The term ‘personality’ is derived from the Latin word ‘persona’ which means a mask. According to K. Young, “Personality is a …. patterned body of habits, traits, attitudes and ideas of an individual, as these are organised externally into roles and statuses, and as they relate internally to motivation, goals, and various aspects of selfhood.” G. W. Allport defined it as “a person’s pattern of habits, attitudes, and traits which determine his adjustment to his environment.”
According to Robert E. Park and Earnest W. Burgess, personality is “the sum and organization of those traits which determine the role of the individual in the group.” Herbert A. Bloch defined it as “the characteristic organization of the individual’s habits, attitudes, values, emotional characteristics……. which imparts consistency to the behaviour of the individual.” According to Arnold W. Green, “personality is the sum of a person’s values (the objects of his striving, such as ideas, prestige, power and sex) plus his non- physical traits (his habitual ways of acting and reacting).” According to Linton, personality embraces the total “organized aggregate of psychological processes and status pertaining to the individual.”
According to Anderson and Parker, “Personality is the totality of habits, attitudes, and traits that result from socialization and characterizes us in our relationships with others.” According to N.L. Munn, “Personality may be defined as the most characteristic integration of an individual’s structure modes of behaviour, interests, attitudes, capacities, abilities and aptitudes.” According to Morton Prince, “Personality is the sum total of all the biological innate dispositions, impulses tendencies and instincts of the individual, and the acquired disposition and tendencies acquired by experience.” According to Young, “Personality is the totality of behaviour of an individual with a given tendency system interacting with a sequence of situations.”
Lawrence A. Pewin has given a working definition of personality in these words, “Personality represents those structural and dynamic properties of an individual or individuals as they reflect themselves in characteristic responses to situations.”
Personality Determinants
Personality is not determined by a single factor, but by an accumulation of many factors. Some of those factors are psychological, while others are physical, biological, and hereditary. I have compiled some of the most influential factors when it comes to determinants of personality.
- Heredity
Heredity refers to those factors that were determined at conception.
Physical stature, facial attractiveness, sex, temperament, muscle composition and reflexes, energy level, and biological rhythms are characteristics that are considered to be inherent from one’s parents. The heredity approach argues that the ultimate explanation of an individual’s personality is the molecular structure of the genes, located in the chromosomes.
Research on animals has showed that both physical and psychological characteristics can be transmitted through heredity. But research on human beings is in adequate to support this view point. However, psychologists and geneticists have accepted the fact that heredity plays an important role in one’s personality.
- Brain
The second biological approach is to concentrate on the role that the brain plays in personality. Though researchers make some promising inroads, the psychologists are unable to prove empirically the contribution of human brain in influencing personality. The most recent and exciting possibilities come from the work done with electrical stimulation of the brain (ESB) and split-brain psychology.
Preliminary results from the electrical stimulation of the brain (ESB) research give indication that better understanding of human personality and behaviour might come from the study of the brain. Work with ESB on human subjects is just beginning.

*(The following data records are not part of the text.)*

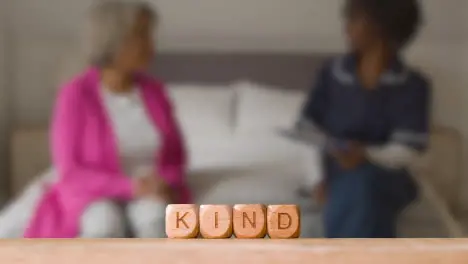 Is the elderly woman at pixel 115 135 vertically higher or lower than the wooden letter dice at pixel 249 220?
higher

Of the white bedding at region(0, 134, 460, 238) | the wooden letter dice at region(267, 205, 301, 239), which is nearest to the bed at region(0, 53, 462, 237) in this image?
the white bedding at region(0, 134, 460, 238)

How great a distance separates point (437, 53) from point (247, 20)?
0.32 m

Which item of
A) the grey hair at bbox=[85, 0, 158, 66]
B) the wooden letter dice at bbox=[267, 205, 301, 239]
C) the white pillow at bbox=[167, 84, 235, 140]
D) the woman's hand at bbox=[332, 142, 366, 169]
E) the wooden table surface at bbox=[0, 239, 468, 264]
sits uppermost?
the grey hair at bbox=[85, 0, 158, 66]

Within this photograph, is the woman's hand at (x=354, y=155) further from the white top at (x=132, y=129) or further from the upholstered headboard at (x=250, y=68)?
the white top at (x=132, y=129)

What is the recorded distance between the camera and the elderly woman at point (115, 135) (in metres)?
1.37

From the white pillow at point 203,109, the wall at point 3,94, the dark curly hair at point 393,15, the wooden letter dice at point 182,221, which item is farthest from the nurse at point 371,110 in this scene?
the wall at point 3,94

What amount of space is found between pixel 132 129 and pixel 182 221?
229mm

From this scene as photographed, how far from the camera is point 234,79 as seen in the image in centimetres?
138

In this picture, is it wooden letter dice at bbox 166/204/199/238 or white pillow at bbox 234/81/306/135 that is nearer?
wooden letter dice at bbox 166/204/199/238

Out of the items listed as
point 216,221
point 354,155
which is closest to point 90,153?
point 216,221

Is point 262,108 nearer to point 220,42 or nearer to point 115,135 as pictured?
point 220,42

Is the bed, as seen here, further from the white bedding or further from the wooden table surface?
the wooden table surface

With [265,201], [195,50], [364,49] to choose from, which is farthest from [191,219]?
[364,49]

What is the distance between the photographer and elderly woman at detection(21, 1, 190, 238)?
1.37 m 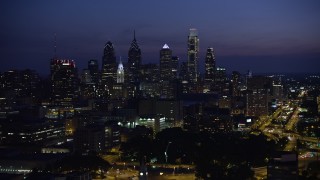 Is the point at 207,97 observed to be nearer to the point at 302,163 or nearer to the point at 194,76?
the point at 194,76

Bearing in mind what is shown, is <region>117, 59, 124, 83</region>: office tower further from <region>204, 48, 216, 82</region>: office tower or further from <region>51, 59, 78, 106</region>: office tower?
<region>204, 48, 216, 82</region>: office tower

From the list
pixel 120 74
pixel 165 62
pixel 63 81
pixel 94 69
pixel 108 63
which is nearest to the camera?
pixel 63 81

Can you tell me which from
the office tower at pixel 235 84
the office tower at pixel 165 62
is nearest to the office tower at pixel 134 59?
the office tower at pixel 165 62

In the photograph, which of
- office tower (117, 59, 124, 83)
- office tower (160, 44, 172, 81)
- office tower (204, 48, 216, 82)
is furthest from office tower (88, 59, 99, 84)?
office tower (204, 48, 216, 82)

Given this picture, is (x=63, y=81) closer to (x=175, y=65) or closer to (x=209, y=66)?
(x=175, y=65)

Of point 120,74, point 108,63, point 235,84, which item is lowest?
point 235,84

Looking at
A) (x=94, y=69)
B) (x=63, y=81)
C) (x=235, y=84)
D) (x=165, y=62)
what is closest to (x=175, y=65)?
(x=165, y=62)

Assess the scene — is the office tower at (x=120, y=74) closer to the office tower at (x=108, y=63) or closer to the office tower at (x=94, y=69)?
the office tower at (x=108, y=63) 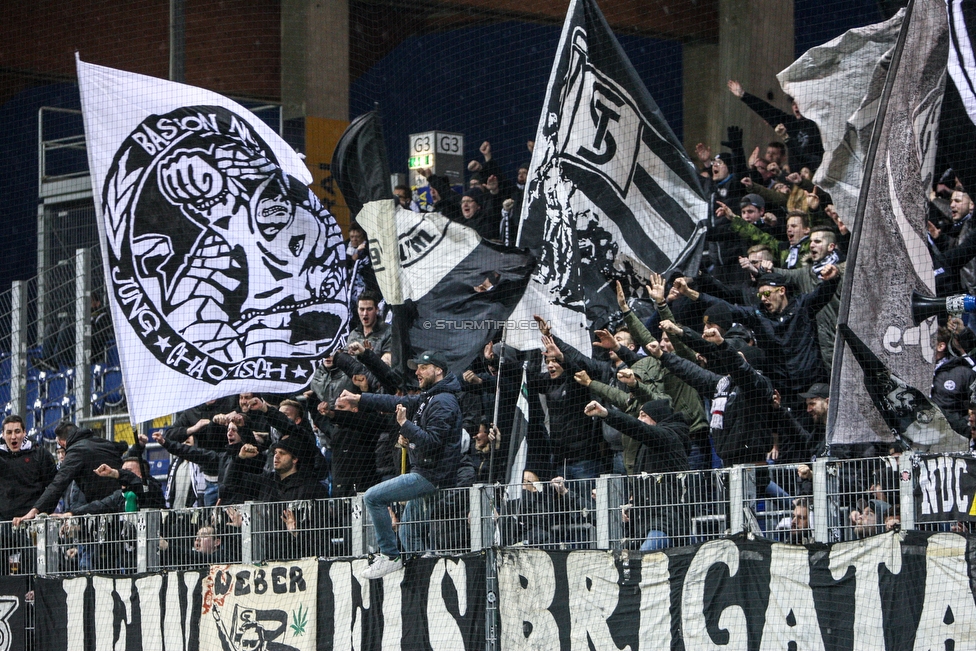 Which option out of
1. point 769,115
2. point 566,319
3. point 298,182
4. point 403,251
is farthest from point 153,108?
point 769,115

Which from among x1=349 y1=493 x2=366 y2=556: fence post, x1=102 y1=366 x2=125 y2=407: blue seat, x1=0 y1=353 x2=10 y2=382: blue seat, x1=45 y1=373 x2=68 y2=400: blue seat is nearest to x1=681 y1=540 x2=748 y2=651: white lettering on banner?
x1=349 y1=493 x2=366 y2=556: fence post

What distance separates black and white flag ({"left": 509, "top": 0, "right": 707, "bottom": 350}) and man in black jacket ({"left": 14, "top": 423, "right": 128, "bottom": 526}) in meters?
3.71

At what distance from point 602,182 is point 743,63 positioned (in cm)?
376

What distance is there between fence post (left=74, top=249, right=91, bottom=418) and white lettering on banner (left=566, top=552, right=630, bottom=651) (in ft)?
25.5

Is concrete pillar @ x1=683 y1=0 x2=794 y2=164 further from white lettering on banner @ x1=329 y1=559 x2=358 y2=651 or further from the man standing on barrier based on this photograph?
white lettering on banner @ x1=329 y1=559 x2=358 y2=651

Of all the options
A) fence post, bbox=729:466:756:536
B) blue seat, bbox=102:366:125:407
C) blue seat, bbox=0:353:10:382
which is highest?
blue seat, bbox=0:353:10:382

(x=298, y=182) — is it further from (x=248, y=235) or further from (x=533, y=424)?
(x=533, y=424)

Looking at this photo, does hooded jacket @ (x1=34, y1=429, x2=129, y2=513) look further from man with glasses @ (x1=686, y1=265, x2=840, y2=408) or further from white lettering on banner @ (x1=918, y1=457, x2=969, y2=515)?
white lettering on banner @ (x1=918, y1=457, x2=969, y2=515)

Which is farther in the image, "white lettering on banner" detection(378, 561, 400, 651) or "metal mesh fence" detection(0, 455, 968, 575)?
"white lettering on banner" detection(378, 561, 400, 651)

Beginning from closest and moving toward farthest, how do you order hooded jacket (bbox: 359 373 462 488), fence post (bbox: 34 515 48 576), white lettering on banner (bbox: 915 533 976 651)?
white lettering on banner (bbox: 915 533 976 651), hooded jacket (bbox: 359 373 462 488), fence post (bbox: 34 515 48 576)

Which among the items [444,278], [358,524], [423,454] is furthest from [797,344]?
A: [358,524]

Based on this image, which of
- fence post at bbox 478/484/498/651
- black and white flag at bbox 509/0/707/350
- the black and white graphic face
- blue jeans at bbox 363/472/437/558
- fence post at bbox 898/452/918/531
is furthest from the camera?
the black and white graphic face

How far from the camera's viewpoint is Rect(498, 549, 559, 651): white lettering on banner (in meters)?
8.89

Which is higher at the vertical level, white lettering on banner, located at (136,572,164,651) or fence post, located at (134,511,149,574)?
fence post, located at (134,511,149,574) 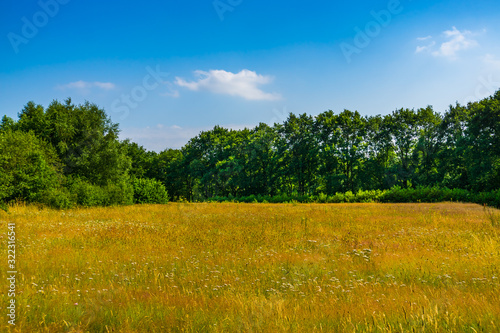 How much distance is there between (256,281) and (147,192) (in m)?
31.9

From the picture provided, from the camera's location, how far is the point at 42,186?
851 inches

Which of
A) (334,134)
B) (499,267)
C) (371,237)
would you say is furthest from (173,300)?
(334,134)

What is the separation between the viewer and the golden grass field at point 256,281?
3.65 m

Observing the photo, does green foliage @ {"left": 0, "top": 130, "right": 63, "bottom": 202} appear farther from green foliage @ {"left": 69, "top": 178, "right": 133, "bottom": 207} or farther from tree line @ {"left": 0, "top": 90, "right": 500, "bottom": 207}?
green foliage @ {"left": 69, "top": 178, "right": 133, "bottom": 207}

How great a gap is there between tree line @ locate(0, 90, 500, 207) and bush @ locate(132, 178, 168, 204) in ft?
0.40

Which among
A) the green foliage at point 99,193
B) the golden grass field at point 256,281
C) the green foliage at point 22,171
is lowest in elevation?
the golden grass field at point 256,281

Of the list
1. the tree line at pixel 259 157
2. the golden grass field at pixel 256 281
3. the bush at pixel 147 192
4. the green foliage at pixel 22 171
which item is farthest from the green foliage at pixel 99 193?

There seem to be definite pleasurable and painful areas in the human brain. This being true, it may be possible physically to manipulate personality through ESB.
- Biofeedback
Until recently, physiologists and psychologists felt that certain biological functions such as brainwave patterns, gastric secretions, and fluctuations in blood pressure and skin temperature were beyond conscious control. Now some scientists believe that these involuntary functions can be consciously controlled through biofeedback. In BFT the individual learns the internal rhythm of a particular body process through electronic signals feedback from equipment that is wired to the body area. From this biofeedback the person can learn to control the body processing question. More research is needed on biofeedback before any definitive conclusions can be drawn. But its potential impact could be extremely interesting for the future.
- Physical features
A vital ingredient of the personality, an individual’s external appearance, is biologically determined. The fact that a person is tall or short, fat or skinny, black or white will influence the person’s effect on others and this in turn, will affect the self-concept. Practically all would agree that physical characteristics have at least some influence on the personality. According to Paul H Mussen “a child’s physical characteristics may be related to his approach to the social environment, to the expectancies of others, and to their reactions to him. These, inturn, may have impacts on personality development”.